Another major piece of the story came with the discovery of a postcard that Picasso allegedly sent to Hemingway in September 1954. At this point, Picasso was living in Vallauris on the Cote d’Azur, where he developed a relationship with the famous Madoura pottery studio. The postcard simply reads: “Para Hemingway, para siempre” (to Hemingway, forever). There is a small drawing of a woman in the top right corner, presumably by Picasso, but there is no postmark on the card, which Carroll suggests could mean it was sent inside a crate—with the ceramic tiles.
Before he died, Kough attempted to establish some sort of provenance, at least trying to prove that Hemingway had once owned the work. For this, he secured video testimony from René Villarreal, Hemingway’s housekeeper whom the writer looked upon as his adopted son. In the video, Villarreal says he recognised the piece immediately, saying that Hemingway often kept it wrapped in a bullfighter’s cloak. Villarreal also signed an affidavit stating he saw Hemingway show it off to multiple people, calling it “my Picasso”.

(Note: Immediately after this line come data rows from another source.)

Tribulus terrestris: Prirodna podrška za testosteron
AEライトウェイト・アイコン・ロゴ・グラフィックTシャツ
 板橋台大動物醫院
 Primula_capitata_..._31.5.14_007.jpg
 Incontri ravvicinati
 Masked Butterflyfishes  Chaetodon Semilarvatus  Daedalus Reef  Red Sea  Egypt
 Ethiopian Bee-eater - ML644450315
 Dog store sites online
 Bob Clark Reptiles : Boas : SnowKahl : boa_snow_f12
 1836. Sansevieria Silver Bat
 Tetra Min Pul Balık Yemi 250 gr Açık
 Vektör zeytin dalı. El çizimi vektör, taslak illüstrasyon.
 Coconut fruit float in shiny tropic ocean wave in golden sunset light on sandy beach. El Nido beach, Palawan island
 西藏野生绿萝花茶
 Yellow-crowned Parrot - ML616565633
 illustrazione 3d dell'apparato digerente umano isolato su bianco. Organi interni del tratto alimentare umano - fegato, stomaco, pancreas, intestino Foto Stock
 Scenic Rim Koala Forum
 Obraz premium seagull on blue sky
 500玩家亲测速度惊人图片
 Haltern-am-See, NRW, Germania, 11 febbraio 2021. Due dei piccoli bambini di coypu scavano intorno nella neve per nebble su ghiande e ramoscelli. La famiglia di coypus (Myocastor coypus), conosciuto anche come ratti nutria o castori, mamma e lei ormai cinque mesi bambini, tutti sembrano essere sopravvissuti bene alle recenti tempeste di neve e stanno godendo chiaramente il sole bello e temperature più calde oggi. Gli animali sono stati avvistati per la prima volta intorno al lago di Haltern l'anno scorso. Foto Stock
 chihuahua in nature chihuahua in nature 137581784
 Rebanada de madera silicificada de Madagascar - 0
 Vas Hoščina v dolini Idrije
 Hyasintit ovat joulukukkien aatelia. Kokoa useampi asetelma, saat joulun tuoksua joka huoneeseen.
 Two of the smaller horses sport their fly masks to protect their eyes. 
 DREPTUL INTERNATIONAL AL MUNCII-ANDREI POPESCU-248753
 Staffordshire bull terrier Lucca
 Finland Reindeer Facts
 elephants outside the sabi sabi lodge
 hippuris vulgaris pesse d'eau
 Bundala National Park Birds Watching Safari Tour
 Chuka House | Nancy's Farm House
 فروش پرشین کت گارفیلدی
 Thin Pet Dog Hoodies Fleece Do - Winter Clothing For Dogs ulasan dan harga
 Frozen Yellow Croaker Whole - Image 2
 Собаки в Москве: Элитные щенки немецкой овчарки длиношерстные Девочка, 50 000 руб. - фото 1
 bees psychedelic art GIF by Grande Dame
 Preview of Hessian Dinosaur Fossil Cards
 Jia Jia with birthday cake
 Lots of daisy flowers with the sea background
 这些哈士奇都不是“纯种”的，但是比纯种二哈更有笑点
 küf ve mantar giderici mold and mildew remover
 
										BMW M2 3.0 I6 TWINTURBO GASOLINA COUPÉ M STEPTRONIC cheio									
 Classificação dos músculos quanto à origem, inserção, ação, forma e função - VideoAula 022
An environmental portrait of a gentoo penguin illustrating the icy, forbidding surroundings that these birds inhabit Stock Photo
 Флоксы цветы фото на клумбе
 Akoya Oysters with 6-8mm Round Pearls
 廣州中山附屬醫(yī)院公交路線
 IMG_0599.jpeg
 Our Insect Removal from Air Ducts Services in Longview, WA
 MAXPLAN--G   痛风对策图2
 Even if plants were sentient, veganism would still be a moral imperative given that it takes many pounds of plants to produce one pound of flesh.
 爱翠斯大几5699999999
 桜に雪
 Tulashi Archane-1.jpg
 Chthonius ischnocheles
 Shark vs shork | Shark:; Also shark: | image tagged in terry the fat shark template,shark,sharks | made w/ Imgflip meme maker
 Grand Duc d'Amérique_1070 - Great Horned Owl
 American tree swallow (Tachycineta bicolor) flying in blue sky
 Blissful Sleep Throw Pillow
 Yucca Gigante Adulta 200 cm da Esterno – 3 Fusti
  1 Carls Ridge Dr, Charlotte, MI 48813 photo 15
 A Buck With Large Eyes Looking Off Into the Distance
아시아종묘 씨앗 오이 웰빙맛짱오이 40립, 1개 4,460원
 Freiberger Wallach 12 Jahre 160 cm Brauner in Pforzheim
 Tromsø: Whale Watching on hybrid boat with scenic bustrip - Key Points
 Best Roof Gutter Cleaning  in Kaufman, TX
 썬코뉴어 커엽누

In a bid to corroborate Villarreal’s account, Carroll tracked down Colette Hemingway, who is married to Ernest’s grandson, Sean. As an art historian, Colette Hemingway has her reservations about the ceramic: “It doesn’t look like anything that I have seen at the Picasso museums,” she says. Nonetheless, she believes Villarreal’s assertion that it was housed in the Finca. Her advice? Take it to Sotheby’s.
It is here the podcast concludes, with an episode (due to air on 6 December) featuring Michelle McMullan, a Christie's specialist who had overseen a sale of Picasso ceramics at the auction house in 2012. Carroll refuses to be drawn on their verdicts, but says: “I came into this 100% believing that not one ounce of the story was true. At this point, I would be equally surprised to find out that the ceramic was a fake as I would be to find out that it’s real.”